Jeff Moyer May 1, 2019, 12:56 p.m. UTC | #2
Christoph Hellwig <hch@infradead.org> writes:

> On Tue, Apr 30, 2019 at 09:28:15PM -0700, Chaitanya Kulkarni wrote:
>> @@ -104,7 +120,12 @@ struct blk_io_trace {
>>  	__u64 time;		/* in nanoseconds */
>>  	__u64 sector;		/* disk offset */
>>  	__u32 bytes;		/* transfer length */
>> +
>> +#ifdef CONFIG_BLKTRACE_EXT
>> +	__u64 action;		/* what happened */
>> +#else
>>  	__u32 action;		/* what happened */
>> +#endif /* CONFIG_BLKTRACE_EXT */
>
> You can't use CONFIG_ symbols in UAPI headers, as userspace
> applications won't set it.  You also can't ever change the layout of an
> existing structure in UAPI headers in not backward compatible way.

Right.  The blk_io_trace->magic has the lower 8 bits reserved for a
version number which is checked by userspace.  There's no way to
negotiate a supported version between userspace and the kernel,
unfortunately.  The version number is checked for each trace event.

What you *could* do is to add another trace event with a higher version
number that includes only the extra data.  So each event would be split
into two: the original event with original content and the new event
that only contains the new fields.  That way the old userspace would
continue to work, as it would discard the trace events it doesn't
recognize.  Newer userspace could handle both types of events, and merge
them back together.

There would be a ton of warnings spewed on stderr, unfortunately, but it
would at least work.  I don't see a lot of value in the kernel config
option, no matter which way we go with this.

-Jeff
Chaitanya Kulkarni May 2, 2019, 3:48 a.m.

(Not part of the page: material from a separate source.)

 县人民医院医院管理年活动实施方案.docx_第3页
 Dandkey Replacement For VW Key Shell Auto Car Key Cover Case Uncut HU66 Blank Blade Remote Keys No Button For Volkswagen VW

UTC | #3
Thanks for the reply Jeff.

On 5/1/19 5:56 AM, Jeff Moyer wrote:
> Christoph Hellwig <hch@infradead.org> writes:
> 
>> On Tue, Apr 30, 2019 at 09:28:15PM -0700, Chaitanya Kulkarni wrote:
>>> @@ -104,7 +120,12 @@ struct blk_io_trace {
>>>   	__u64 time;		/* in nanoseconds */
>>>   	__u64 sector;		/* disk offset */
>>>   	__u32 bytes;		/* transfer length */
>>> +
>>> +#ifdef CONFIG_BLKTRACE_EXT
>>> +	__u64 action;		/* what happened */
>>> +#else
>>>   	__u32 action;		/* what happened */
>>> +#endif /* CONFIG_BLKTRACE_EXT */
>>
>> You can't use CONFIG_ symbols in UAPI headers, as userspace
>> applications won't set it.  You also can't ever change the layout of an
>> existing structure in UAPI headers in not backward compatible way.
> 
> Right.  The blk_io_trace->magic has the lower 8 bits reserved for a
> version number which is checked by userspace.  There's no way to
> negotiate a supported version between userspace and the kernel,
> unfortunately.  The version number is checked for each trace event.
> 
> What you *could* do is to add another trace event with a higher version
> number that includes only the extra data.  So each event would be split
> into two: the original event with original content and the new event
> that only contains the new fields.  That way the old userspace would
> continue to work, as it would discard the trace events it doesn't
> recognize.  Newer userspace could handle both types of events, and merge
> them back together.
> 
> There would be a ton of warnings spewed on stderr, unfortunately, but it
> would at least work.  I don't see a lot of value in the kernel config
> option, no matter which way we go with this.
>
As you have mentioned this approach will have a lot of stderr, I was 
trying to avoid this scenario. If everyone is okay with this will make 
this change and resend the series.

> -Jeff
>
Chaitanya Kulkarni May 2, 2019, 3:49 a.m. UTC | #4
Thanks for looking into this.

On 5/1/19 5:31 AM, Christoph Hellwig wrote:
> On Tue, Apr 30, 2019 at 09:28:15PM -0700, Chaitanya Kulkarni wrote:
>> @@ -104,7 +120,12 @@ struct blk_io_trace {
>>   	__u64 time;		/* in nanoseconds */
>>   	__u64 sector;		/* disk offset */
>>   	__u32 bytes;		/* transfer length */
>> +
>> +#ifdef CONFIG_BLKTRACE_EXT
>> +	__u64 action;		/* what happened */
>> +#else
>>   	__u32 action;		/* what happened */
>> +#endif /* CONFIG_BLKTRACE_EXT */
> 
> You can't use CONFIG_ symbols in UAPI headers, as userspace
> applications won't set it.  You also can't ever change the layout of an
> existing structure in UAPI headers in not backward compatible way.
> 
Jeff has suggested another approach, if everyone is okay with that 
approach will send out the series with that change.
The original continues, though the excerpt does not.